**What is needed:** Among the lines below, the one containing "Cover image for" opens the range and the one containing "Victoria Kiellerman - Nine" closes it. Print that range exactly, without the pictures.

**Items from a dataset:**
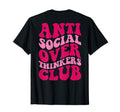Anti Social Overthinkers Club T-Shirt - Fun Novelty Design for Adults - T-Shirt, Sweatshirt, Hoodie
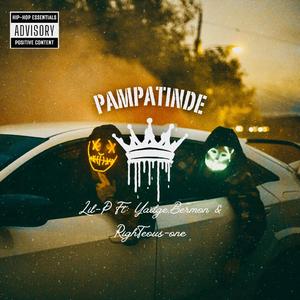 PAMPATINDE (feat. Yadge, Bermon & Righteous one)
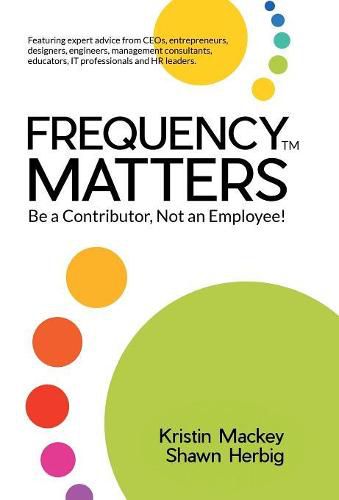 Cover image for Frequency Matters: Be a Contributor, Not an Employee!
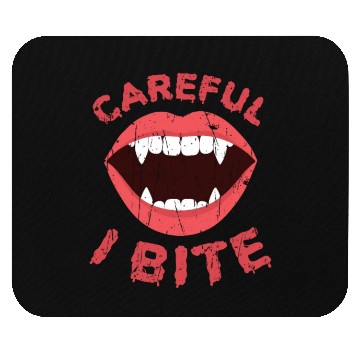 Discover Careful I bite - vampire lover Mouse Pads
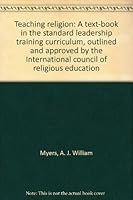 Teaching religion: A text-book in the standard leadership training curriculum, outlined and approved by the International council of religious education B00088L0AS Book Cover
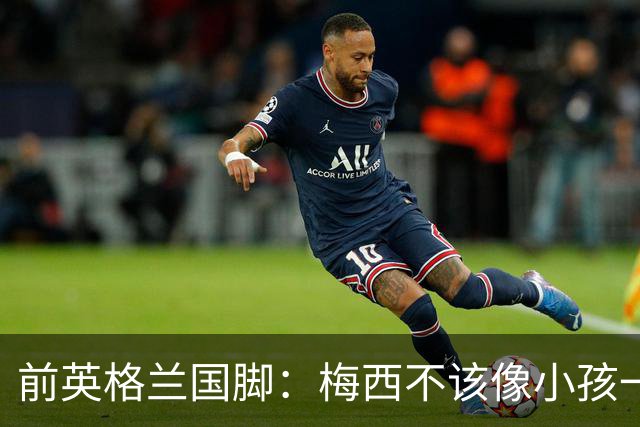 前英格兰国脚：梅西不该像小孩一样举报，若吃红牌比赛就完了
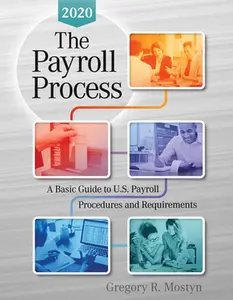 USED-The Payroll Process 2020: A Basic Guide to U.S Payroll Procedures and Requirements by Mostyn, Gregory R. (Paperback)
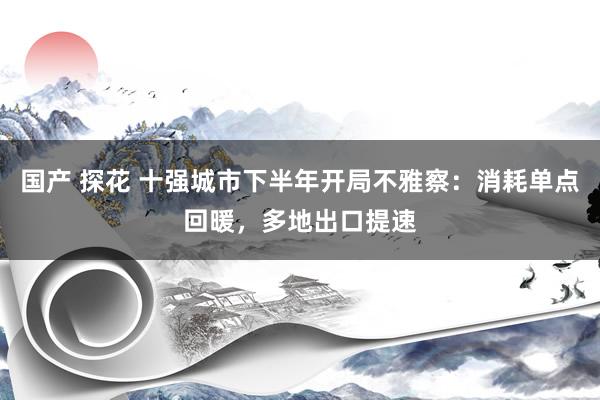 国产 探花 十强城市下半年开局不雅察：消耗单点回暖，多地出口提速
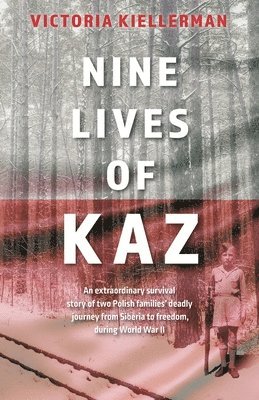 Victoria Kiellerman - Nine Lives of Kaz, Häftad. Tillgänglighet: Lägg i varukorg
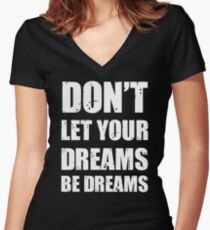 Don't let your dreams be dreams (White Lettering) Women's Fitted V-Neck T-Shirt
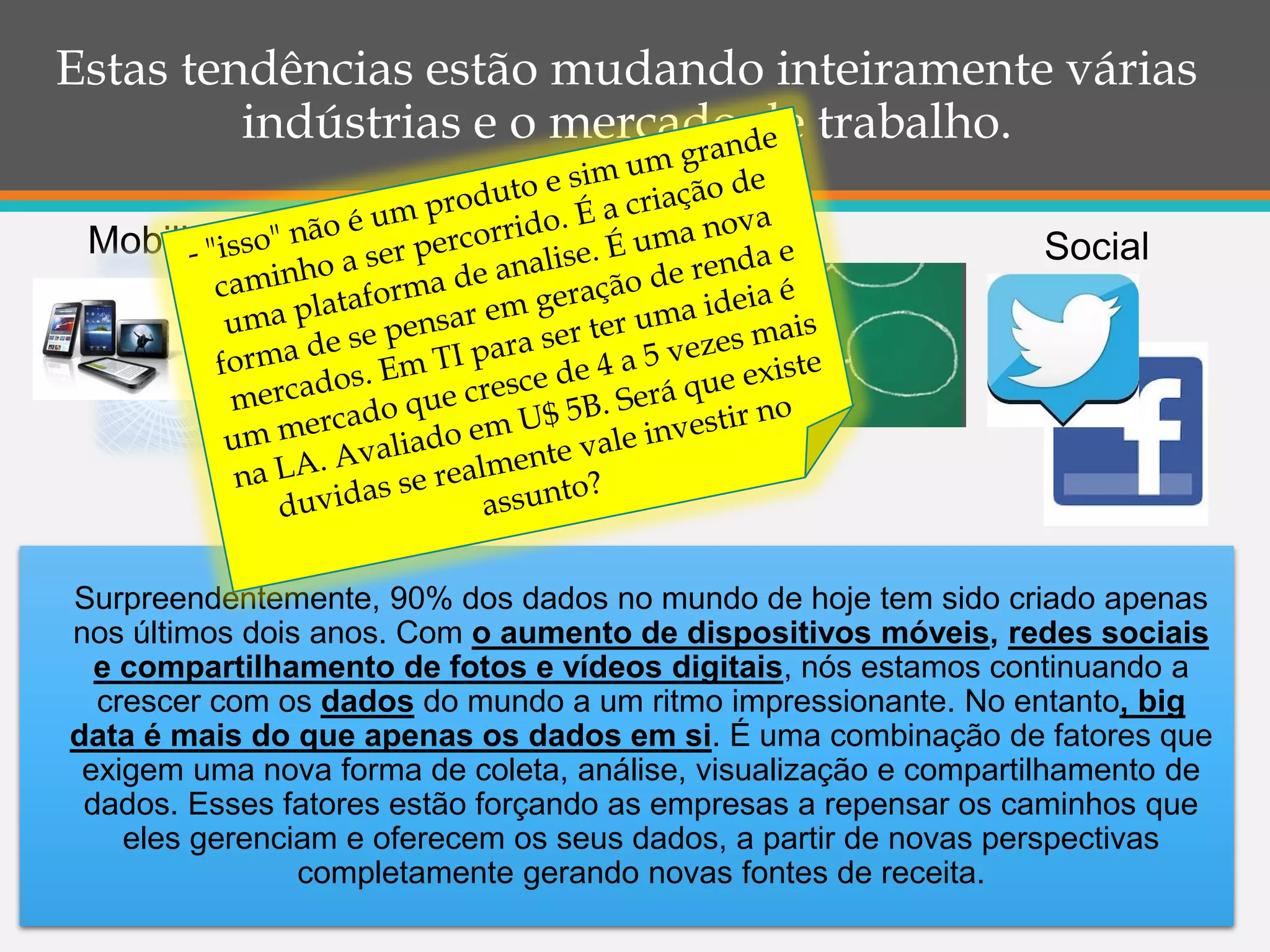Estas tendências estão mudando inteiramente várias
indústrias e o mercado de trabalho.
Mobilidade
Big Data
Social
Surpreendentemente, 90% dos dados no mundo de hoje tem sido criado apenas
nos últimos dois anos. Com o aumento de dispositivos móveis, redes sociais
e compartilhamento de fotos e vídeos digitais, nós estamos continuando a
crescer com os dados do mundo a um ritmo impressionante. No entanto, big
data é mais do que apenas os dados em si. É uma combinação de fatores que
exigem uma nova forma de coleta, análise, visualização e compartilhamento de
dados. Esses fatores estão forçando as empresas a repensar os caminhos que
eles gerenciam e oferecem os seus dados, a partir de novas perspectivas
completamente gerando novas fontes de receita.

**Answer to the exercise:**
 Cover image for Frequency Matters: Be a Contributor, Not an Employee!
 Discover Careful I bite - vampire lover Mouse Pads
 Teaching religion: A text-book in the standard leadership training curriculum, outlined and approved by the International council of religious education B00088L0AS Book Cover
 前英格兰国脚：梅西不该像小孩一样举报，若吃红牌比赛就完了
 USED-The Payroll Process 2020: A Basic Guide to U.S Payroll Procedures and Requirements by Mostyn, Gregory R. (Paperback)
 国产 探花 十强城市下半年开局不雅察：消耗单点回暖，多地出口提速
 Victoria Kiellerman - Nine Lives of Kaz, Häftad. Tillgänglighet: Lägg i varukorg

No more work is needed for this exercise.